For that, I can think of two approaches. First, 72% of India is closer to universe than to a sample. While it may not be perfectly representative, it is our best available estimate for how all of India did. Second, use what-if scenarios for the remainder. If remaining 28% of India witnessed deaths 5% above trend (i.e. 8-10% growth in deaths over 2019), that is over 100,000 excess deaths (5% of ~2 million). With India reporting 150,000 covid deaths over 2020, this is not indicative of elevated undercount. Rest of India will have to do way worse for such claims to hold, something not backed by available first-wave evidence.

Early-2021 was similar to 2020

While it is hard to put precise start/end dates on pandemic waves, first-wave did not end when 2020 ended. Early part of 2021 marked the tail end of first-wave. 2021 month-wise death data is available for six states (TN, Karnataka, AP, Bihar, Kerala, MP). Jan-March monthly deaths over these six states are 6% above 2019-average, which is roughly consistent with trend-growth over a two-year period. This is does not suggest elevated excess deaths during latter part of first-wave either.

First-wave summary

All things considered, India’s all-cause mortality was roughly in line with historic trend during covid first-wave. This is not suggestive of elevated excess deaths or covid death undercount. As I have written earlier, this does not equate to no undercount at all. Even West, with better systems, estimates at least 1.5x undercount. Let’s just say, outside of inherently unavoidable undercount, India’s covid reporting seems reasonable in first-wave. At the least, excess death analysis doesn’t offer a path to finding undercount. With India recording 160,000 covid deaths till March-2021, ‘true’ first-wave death toll could be somewhat higher but not way higher. That is about as precise as we can get in our messy world.

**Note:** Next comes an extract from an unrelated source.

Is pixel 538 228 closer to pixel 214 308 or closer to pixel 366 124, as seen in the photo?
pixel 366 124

Implications for second-wave analysis

Above analysis offers a template for analysing second-wave. Idea is to frame all available evidence against historic trend/variations and cautiously estimate above-trend deaths. First-wave analysis also guides us on where to focus. Since deaths were consistent with prior trend till early-2021, entire ‘massive undercount’ debate is limited to a 3-month period (April-May-June 2021). Over any three months of 2021, India is expected to witness over 2 million registered deaths, as per trend. Question becomes, how many additional deaths were witnessed in April-May-June, due to direct and indirect impact of covid.

For a reliable answer, it makes sense to wait for June data. It’s imprudent to leave out one of three months of interest. Also, given inconsistencies in data from prior year, data from prior month(s) will be even more patchy and buggy. Analysis needs to be more careful and inferences more guarded. It will be a tentative estimate, pending validation via formal 2021 statistics. Until then, it is best to not take headlined estimates at face value.